Listen to her. Seriously.

“The listening is really just shifting how you have conversations so that your first goal when your partner is letting you know something is not to defend yourself against it or even put your view out there but before you do that, stop and acknowledge what your partner’s side was,” Dr. Whitton said. “So oftentimes that’s paraphrasing it or saying, ‘I really understand this is how you felt.’ And a key thing that we teach the women is that if you do that, it doesn’t mean you’re necessarily agreeing with it or that your partner is right. Because that’s the main reason people don’t stop and paraphrase and let their partner know what they’re hearing. So if I say, ‘Oh, you felt rejected, you felt like I didn’t love you when I’m not out at work,’ you think you’re saying that’s true—but you’re not saying it’s true. You’re letting your partner you know that’s the case, and when your partner’s heard that, she’s in a much better place to listen to what the real problem is.”

With the hope of getting clinicians to learn how to be less stigmatizing and develop more skill-sets in cultural diversity, same-sex couples will feel more comfortable getting the relationship counseling that might help keep them together. Dr. Whitton’s study found that the methods she was part of developing were strengthening and provided proven techniques in problem solving and conflict resolution. Now, she wants to get her materials out into the world so that more couples can be given the right tools to succeed, including videos with same-sex female couples arguing, learning how to talk through their issues, and demonstrating  the process for viewers. 

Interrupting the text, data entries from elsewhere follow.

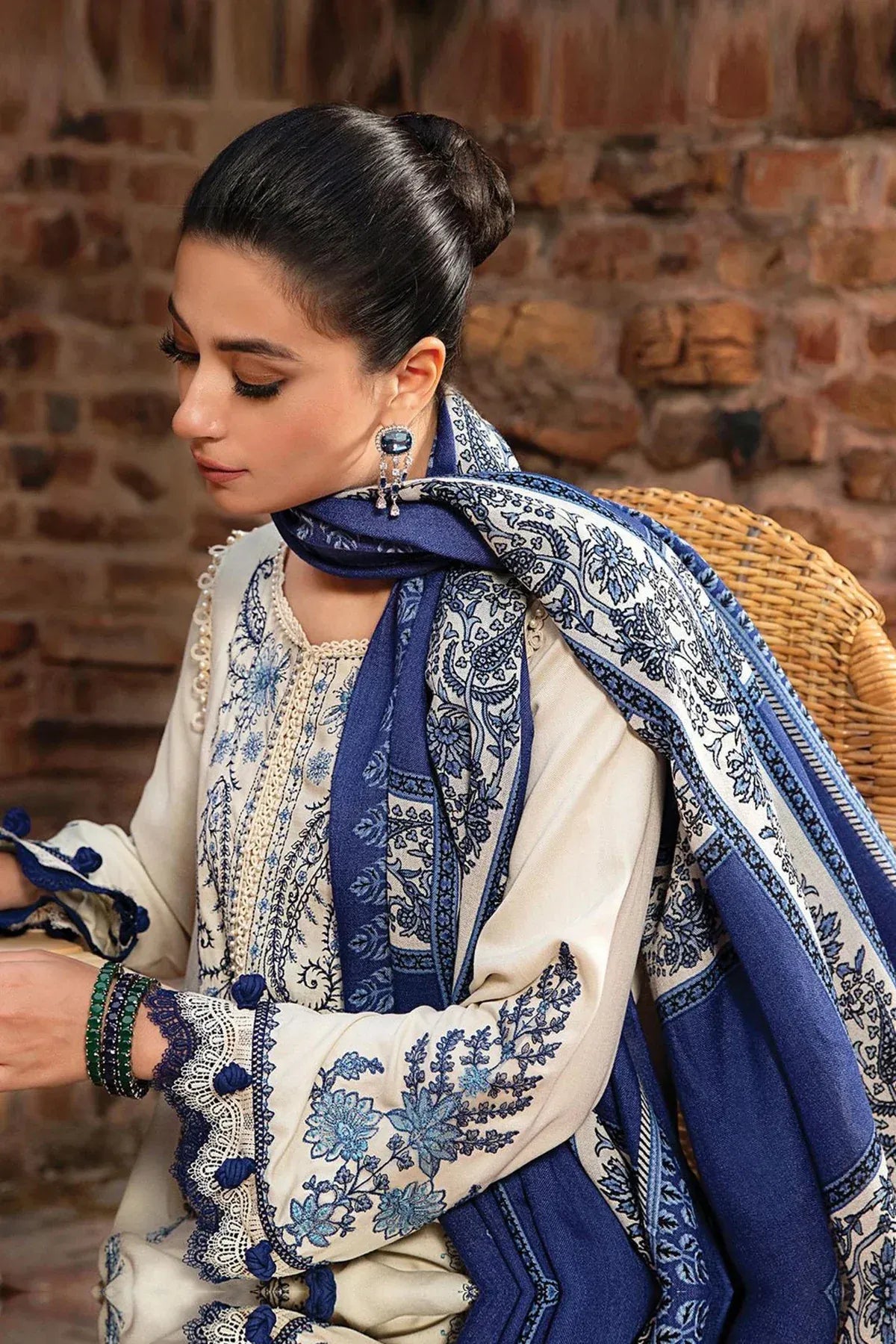 MFLN-1053 3PC DHANAK EMBROIDERED SUIT-PK-5746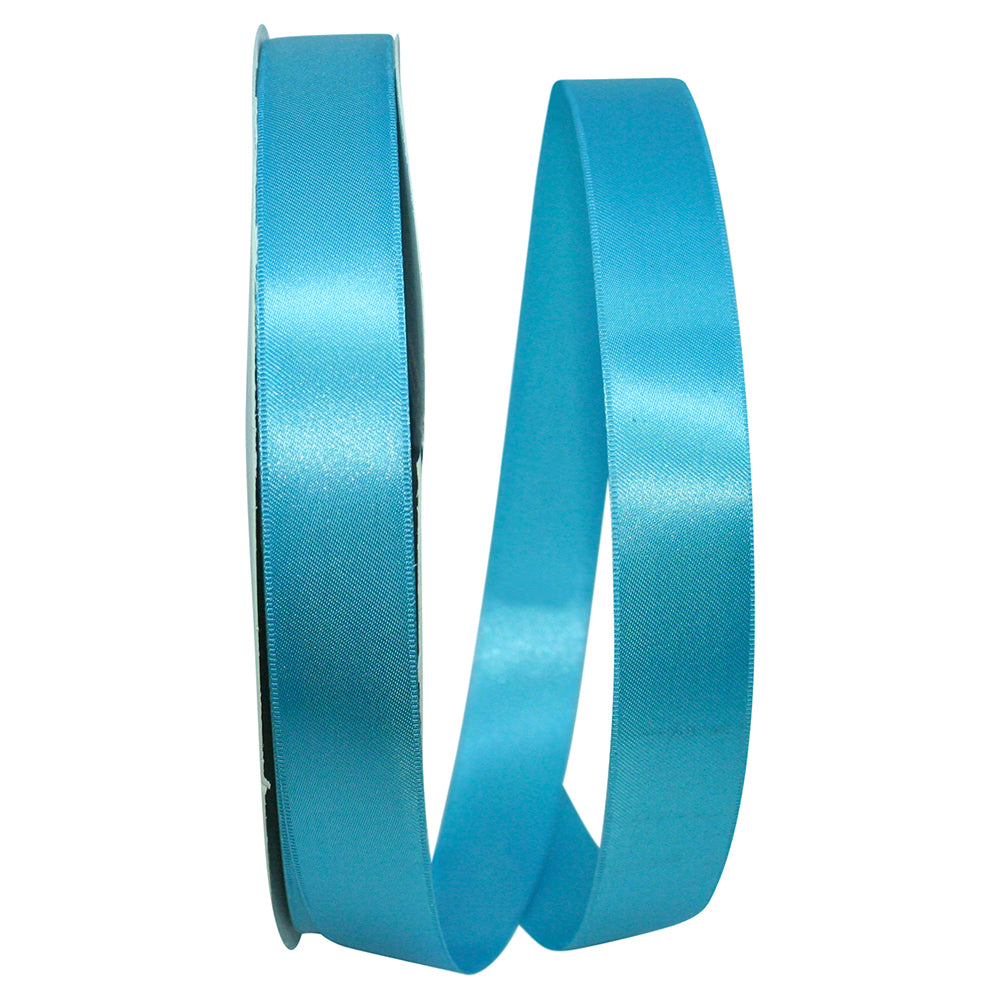 Turquoise Double Face Satin Ribbon 7/8 Inch for Bows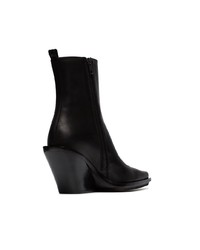 Bottines compensées en cuir noires Ann Demeulemeester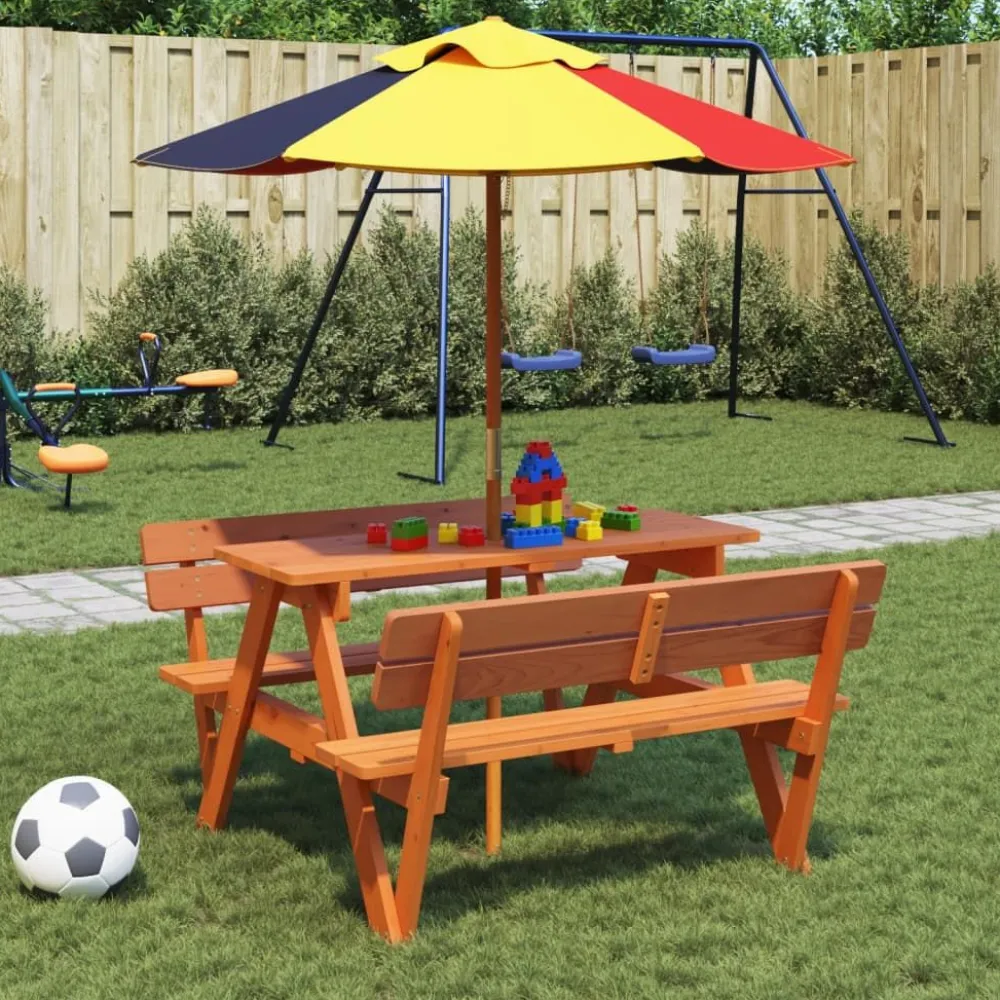 Lasten piknikpöytä 4 lapselle aurinkovarjolla täysi kuusi (81619)*FinePRICE New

While at the ABCT Convention, Dr. Whitton also hosted a half-hour workshop, inviting anyone who was interested in “directly talking about how to deliver couple interventions in a culturally sensitive way to sexual minorities.”

“It was basic terminology like how gender identity is different from sexual orientation,” she said, noting that while professionals are supposed to be seeking out that continuous training, they don’t always follow through. “Just some common ways you might be inadvertently expressing kind of a heterosexist bias or using a heteronormative framework that might be off-putting.”

“I wanted to provide historical and current social context in which same-sex couples live,” Dr. Whitton said. “Here are the way different sex and same-sex couples are similar and different.” Because we are.